Gravy is an afterlife social media platform that allows you to continue to connect after you cross to the other side.  By installing Gravy’s proprietary deep learning algorithms in all your current social media accounts, our app aggregates the entirety of your data into an AI replica of you that can continue to create, share, and connect with friends and family in perpetuity.

Gravy operates on a freemium model.  Once you’ve built your Gravy profile, browse the Gravy store and check out our constantly-growing of in-app content.  Choose your own skins, themes, add-ons, soundscapes, and page layouts.  We’re even offering reduced prices for our full CGI-suit VR pack, which allows users to create custom avatars that will be fully interactive once a user’s account activates.

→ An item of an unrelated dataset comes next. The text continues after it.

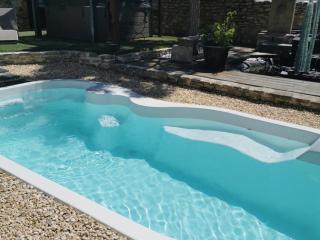 Loft rénové avec piscine privée et spa - Havre de paix en Auvergne - FR-1-489-337 - 1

Until now, death has meant the end of your social media presence.  You can’t engage with content if you’re not alive!  What will happen to the sum of your online activity once you cross the great divide of mortality?  Nothing will happen.  Your accounts will sit inactive like monuments to a static past in which you were alive, signposts to nowhere.  Your vibrant online life of today will stand forgotten like the ivy-festooned relics of yesterday, mere oddities on the roadside of life.  That’s why we made Gravy.

Create a free account today.  See where it takes you.  And think of the possibilities. Tomorrow might be the first day of the rest of your death.  Don’t be content for it to end there.